Your answer must be the data repeated exactly, with no pictures in it.

== SOURCE MATERIAL

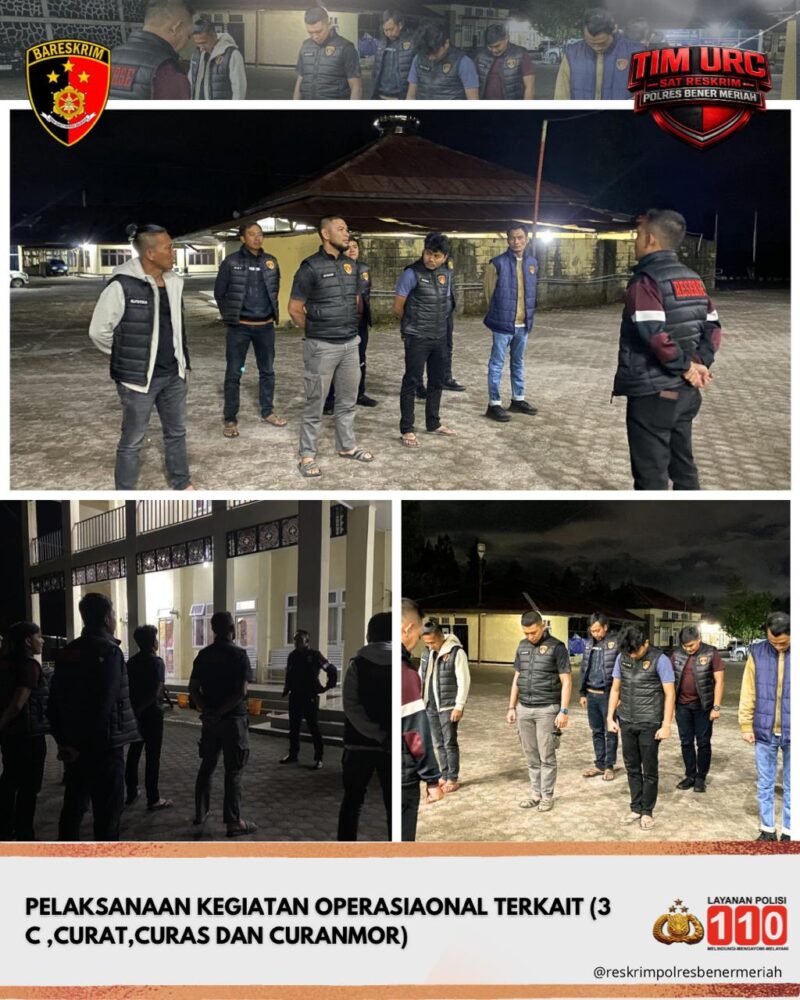 Ket Foto:
Kasatreskrim Polres Bener Meriah, AKP Supriadi, S.Sos, saat memimpin apel persiapan patroli malam bersama personel Satreskrim Polres Bener Meriah sebelum pelaksanaan kegiatan di lapangan.(Dok/Ist)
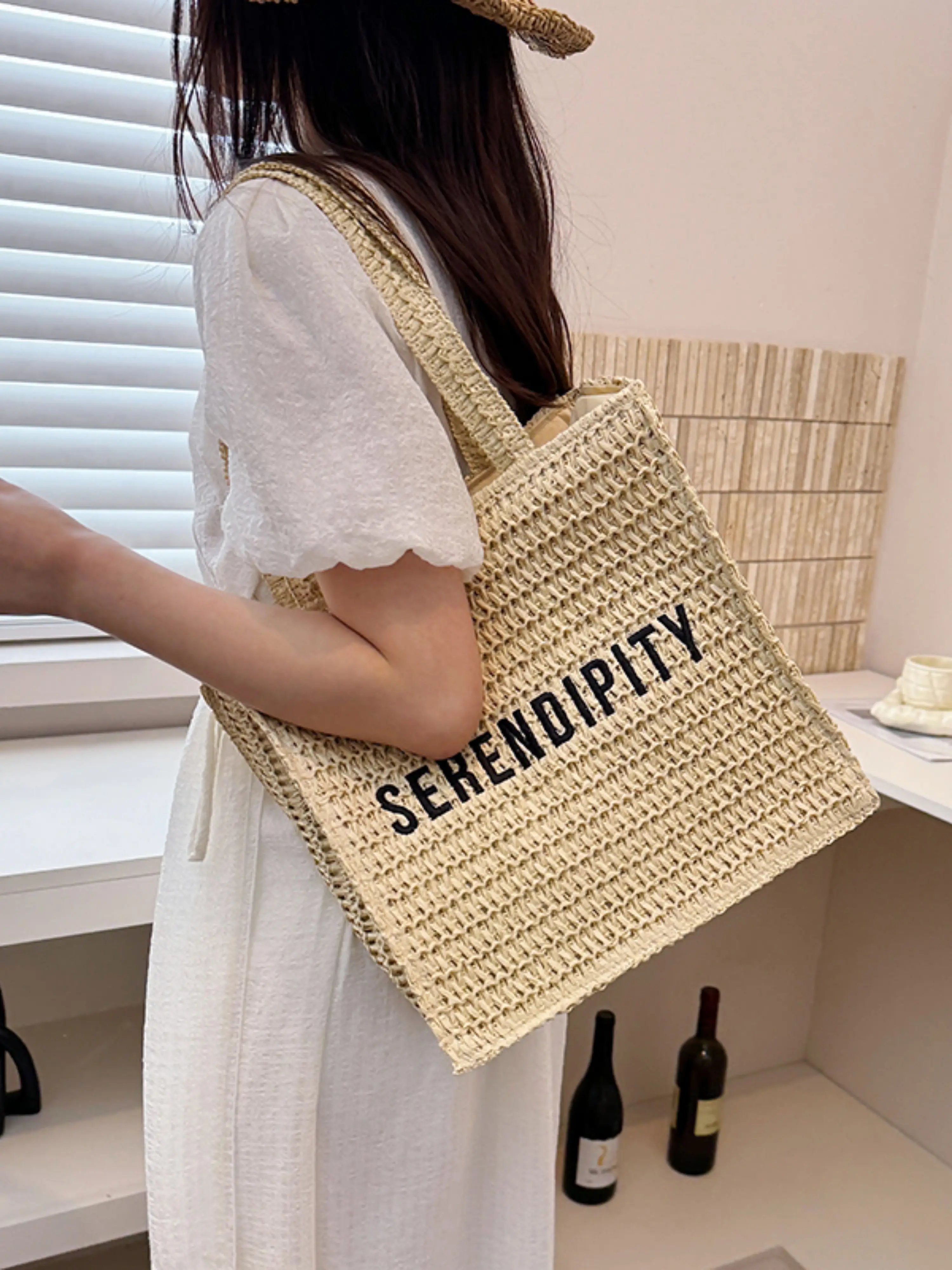 Beige Woven Tote Bag with Serendipity Text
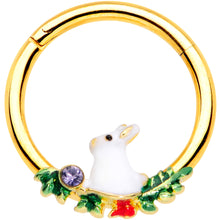 将图片加载到图库查看器，16G 3/8 Purple Gem Gold Tone White Rabbit Hinged Segment Ring
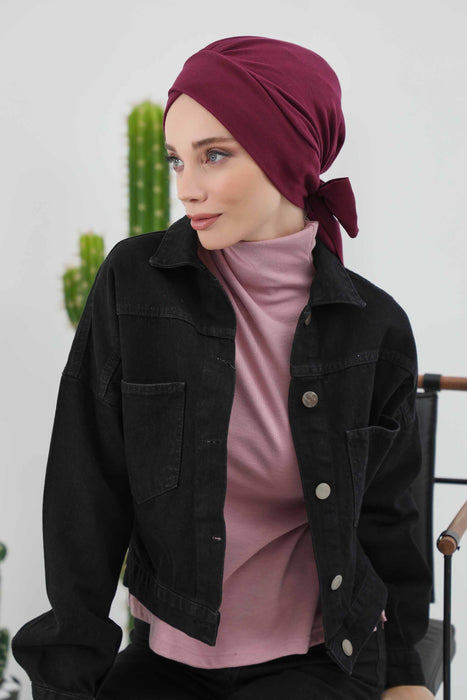 Stylish Winter Turban Bonnet with Back-Tie Belt, Soft Ribbed Polyviscose Headwrap for Cold Seasons, Warm Back-Tie Instant Turban,B-31RB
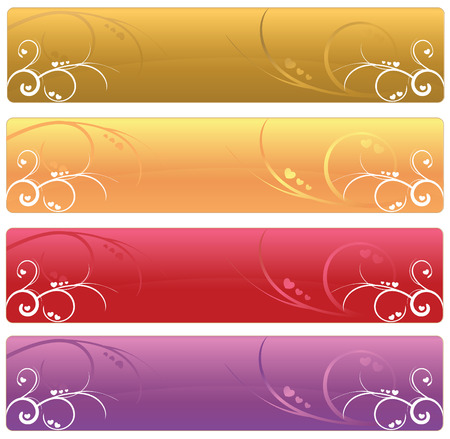 Floral Web banners のイラスト素材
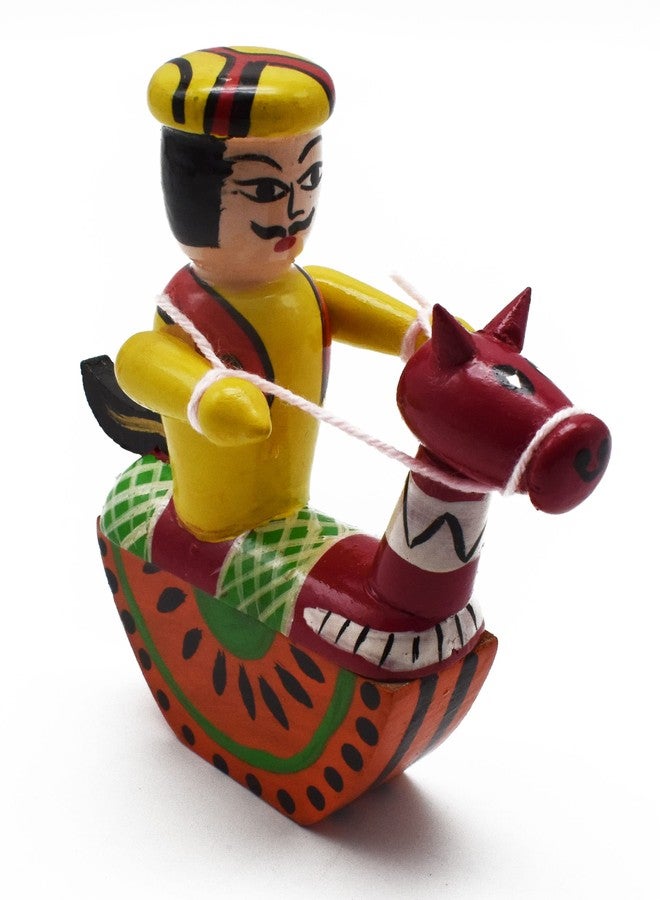 justhandmade Wooden Horse Procession Jodi Dolls| Channapatna Kelu Gombe Jodi | Multicolour Home Decor Showpiece (JHMHORSE102) - Image 4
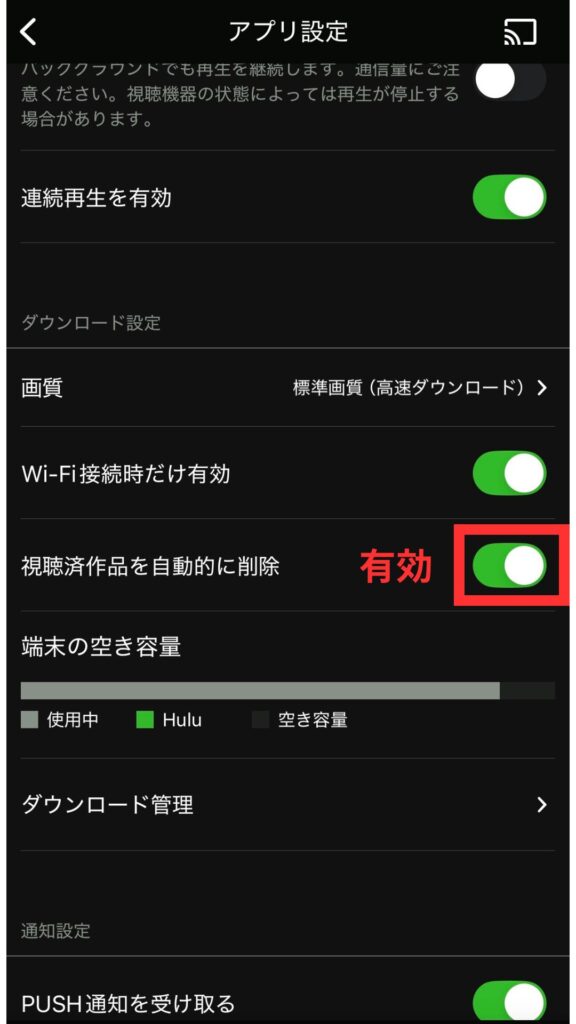 視聴済作品を自動的に削除→「オン」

====

== YOUR RESPONSE ==
 Ket Foto:
Kasatreskrim Polres Bener Meriah, AKP Supriadi, S.Sos, saat memimpin apel persiapan patroli malam bersama personel Satreskrim Polres Bener Meriah sebelum pelaksanaan kegiatan di lapangan.(Dok/Ist)
 Beige Woven Tote Bag with Serendipity Text
 将图片加载到图库查看器，16G 3/8 Purple Gem Gold Tone White Rabbit Hinged Segment Ring
 Stylish Winter Turban Bonnet with Back-Tie Belt, Soft Ribbed Polyviscose Headwrap for Cold Seasons, Warm Back-Tie Instant Turban,B-31RB
 Floral Web banners のイラスト素材
 justhandmade Wooden Horse Procession Jodi Dolls| Channapatna Kelu Gombe Jodi | Multicolour Home Decor Showpiece (JHMHORSE102) - Image 4
 視聴済作品を自動的に削除→「オン」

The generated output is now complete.